Crawled caption data
Start of Block

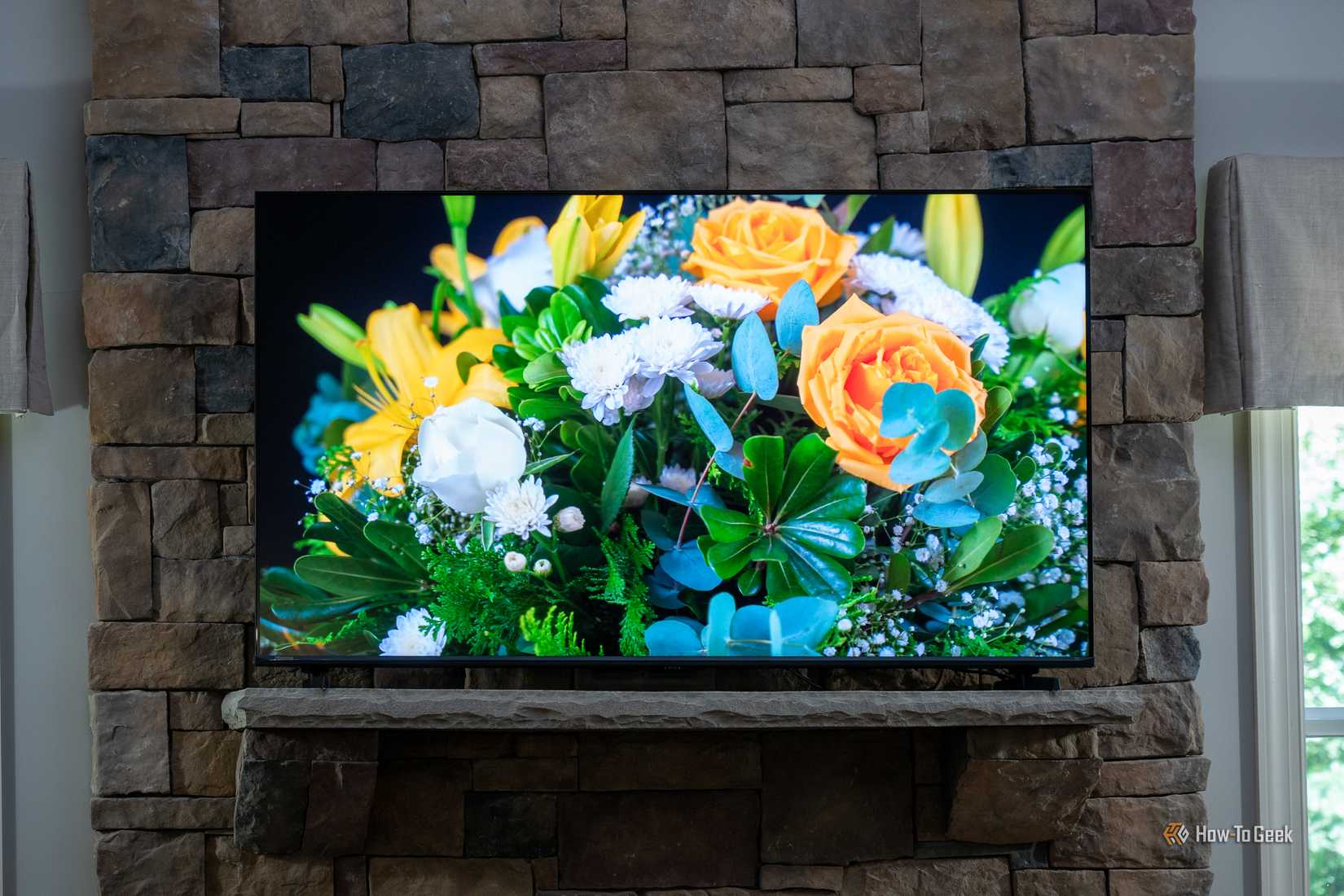 Hisense U6SF Pro TV mounted on stone fireplace displaying colorful floral bouquet with orange roses and yellow lilies.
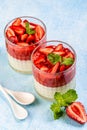 Traditional italian dessert vanilla strawberry panna cotta. vertical image. top view. place for text Royalty Free Stock Photo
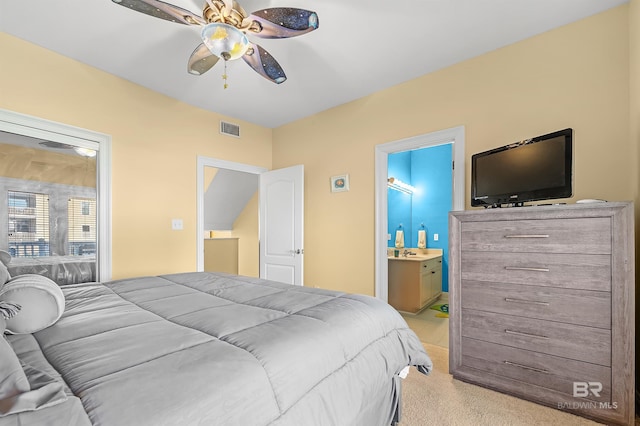 carpeted bedroom featuring ceiling fan and connected bathroom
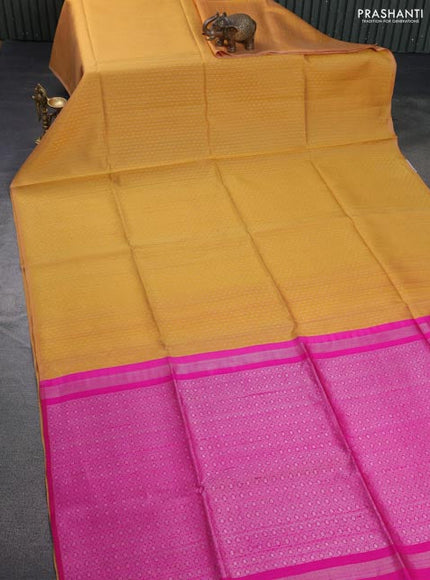 Pure raw silk saree yellow and pink with allover silver zari weaves in borderless style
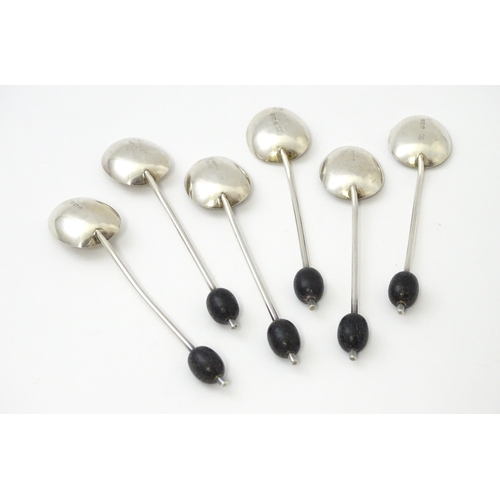 504 - A cased set of six silver coffee spoons with coffee bean finials, hallmarked Birmingham 1932, maker ... 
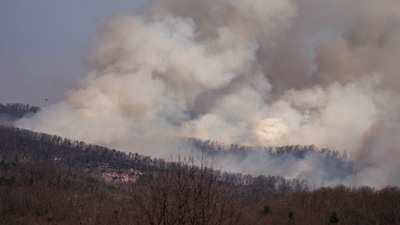 PUMPKINTOWN, SOUTH CAROLINA - MARCH 26: Smoke rises from the Table Rock Complex fire as seen from Sassafras Mountain on March 26, 2025 in Pumpkintown, South Carolina. Drought-like conditions and high winds are fueling multiple wildfires that have triggered evacuations across northern South Carolina (Photo by Sean Rayford / GETTY IMAGES NORTH AMERICA / Getty Images via AFP) (Getty Images via AFP) PUMPKINTOWN, SOUTH CAROLINA - MARCH 26: Smoke rises from the Table Rock Complex fire as seen from Sassafras Mountain on March 26, 2025 in Pumpkintown, South Carolina. Drought-like conditions and high winds are fueling multiple wildfires that have triggered evacuations across northern South Carolina (Photo by Sean Rayford / GETTY IMAGES NORTH AMERICA / Getty Images via AFP) (Getty Images via AFP)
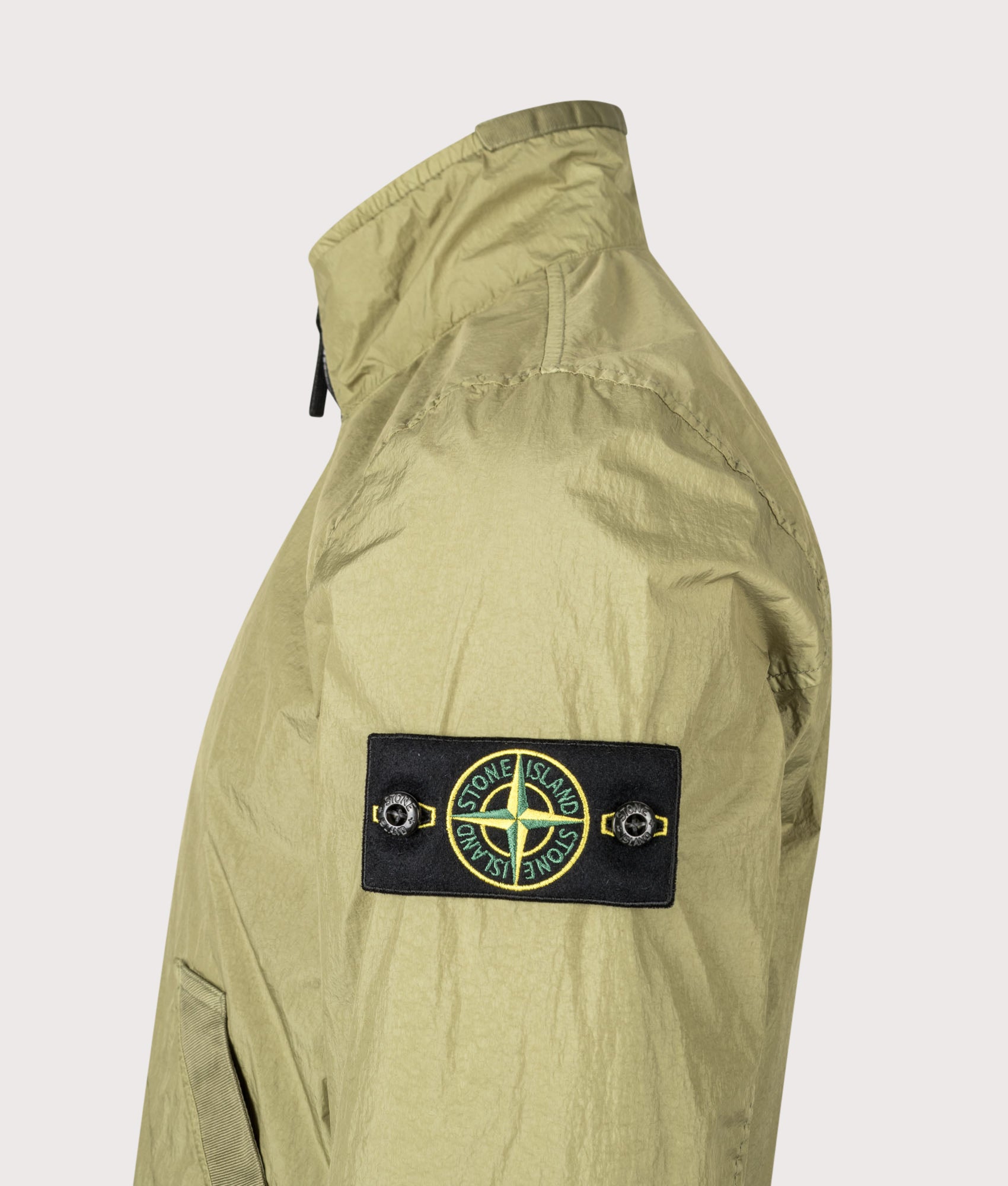 Stone Island Garment Dyed Crinkle Reps NY Jacket in Laurel Green at EQVVS Menswear. Detail shot.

End of Block

What you are asked to do - Write every entry again exactly as given, skipping the pictures.

Output -
 Hisense U6SF Pro TV mounted on stone fireplace displaying colorful floral bouquet with orange roses and yellow lilies.
 Traditional italian dessert vanilla strawberry panna cotta. vertical image. top view. place for text Royalty Free Stock Photo
 carpeted bedroom featuring ceiling fan and connected bathroom
 Pure raw silk saree yellow and pink with allover silver zari weaves in borderless style
 504 - A cased set of six silver coffee spoons with coffee bean finials, hallmarked Birmingham 1932, maker ... 
 PUMPKINTOWN, SOUTH CAROLINA - MARCH 26: Smoke rises from the Table Rock Complex fire as seen from Sassafras Mountain on March 26, 2025 in Pumpkintown, South Carolina. Drought-like conditions and high winds are fueling multiple wildfires that have triggered evacuations across northern South Carolina (Photo by Sean Rayford / GETTY IMAGES NORTH AMERICA / Getty Images via AFP) (Getty Images via AFP) PUMPKINTOWN, SOUTH CAROLINA - MARCH 26: Smoke rises from the Table Rock Complex fire as seen from Sassafras Mountain on March 26, 2025 in Pumpkintown, South Carolina. Drought-like conditions and high winds are fueling multiple wildfires that have triggered evacuations across northern South Carolina (Photo by Sean Rayford / GETTY IMAGES NORTH AMERICA / Getty Images via AFP) (Getty Images via AFP)
 Stone Island Garment Dyed Crinkle Reps NY Jacket in Laurel Green at EQVVS Menswear. Detail shot.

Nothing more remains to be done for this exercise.